• **Task details**
Leaving out the pictures, please retype each record exactly.

= Beginning of Section =

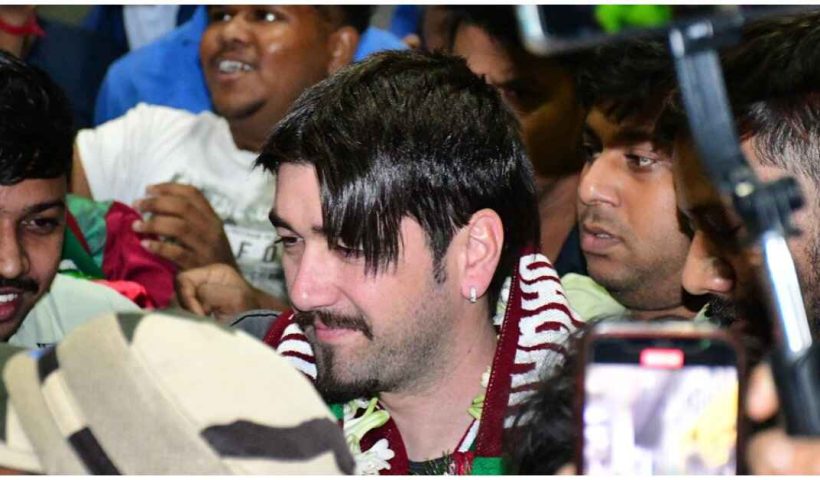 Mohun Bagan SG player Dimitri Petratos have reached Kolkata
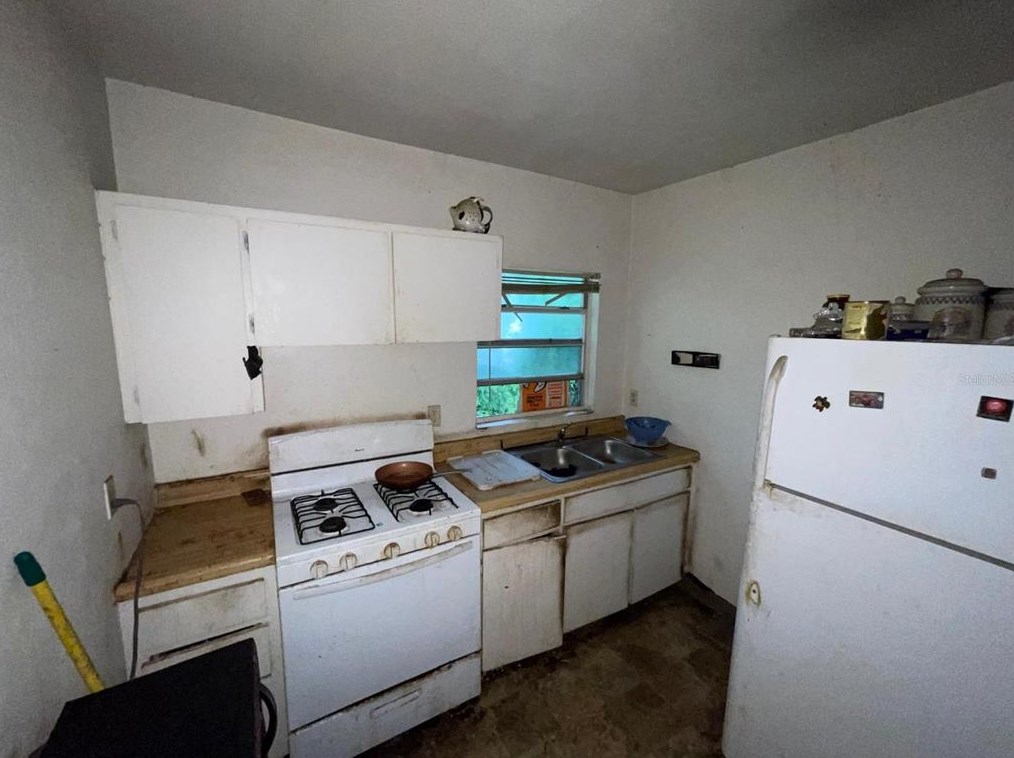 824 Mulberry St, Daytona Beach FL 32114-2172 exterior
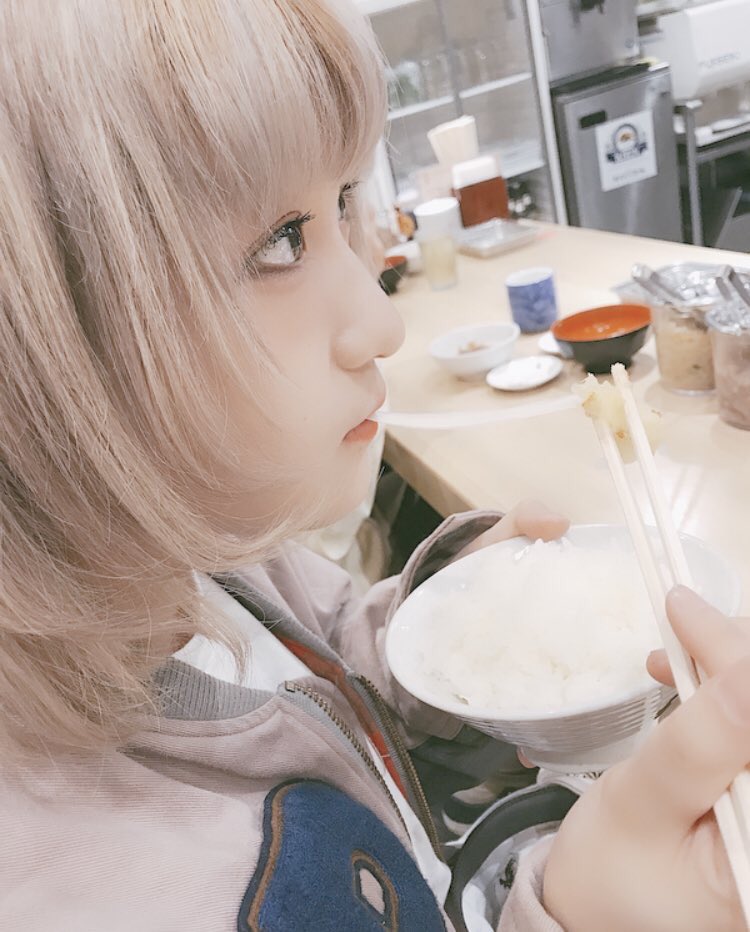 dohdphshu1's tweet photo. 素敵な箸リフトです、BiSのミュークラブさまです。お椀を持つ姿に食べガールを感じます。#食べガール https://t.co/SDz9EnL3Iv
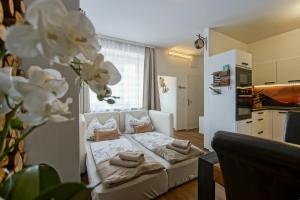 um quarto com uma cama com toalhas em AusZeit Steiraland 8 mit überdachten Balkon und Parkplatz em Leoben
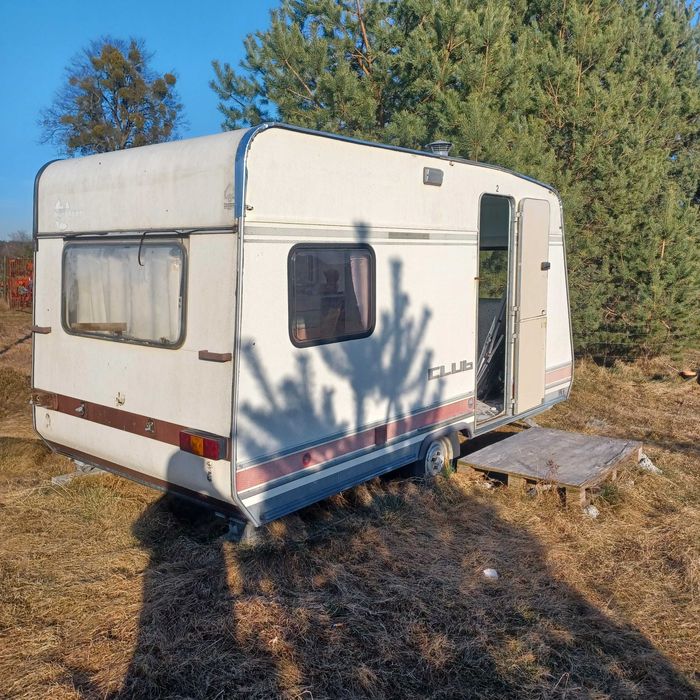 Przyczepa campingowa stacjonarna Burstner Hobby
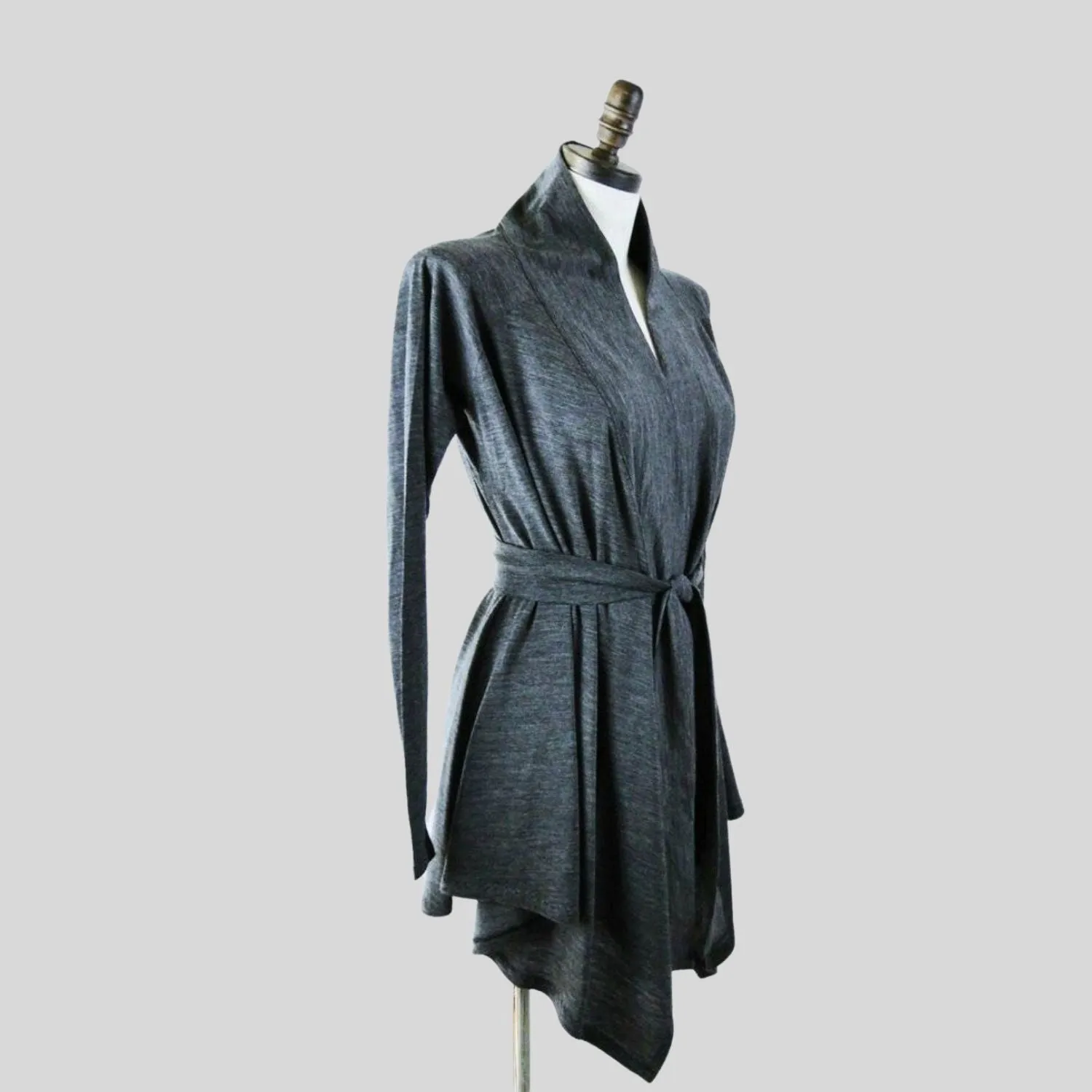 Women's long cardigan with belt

= End of Section =

• **Answer space**
 Mohun Bagan SG player Dimitri Petratos have reached Kolkata
 824 Mulberry St, Daytona Beach FL 32114-2172 exterior
 dohdphshu1's tweet photo. 素敵な箸リフトです、BiSのミュークラブさまです。お椀を持つ姿に食べガールを感じます。#食べガール https://t.co/SDz9EnL3Iv
 um quarto com uma cama com toalhas em AusZeit Steiraland 8 mit überdachten Balkon und Parkplatz em Leoben
 Przyczepa campingowa stacjonarna Burstner Hobby
 Women's long cardigan with belt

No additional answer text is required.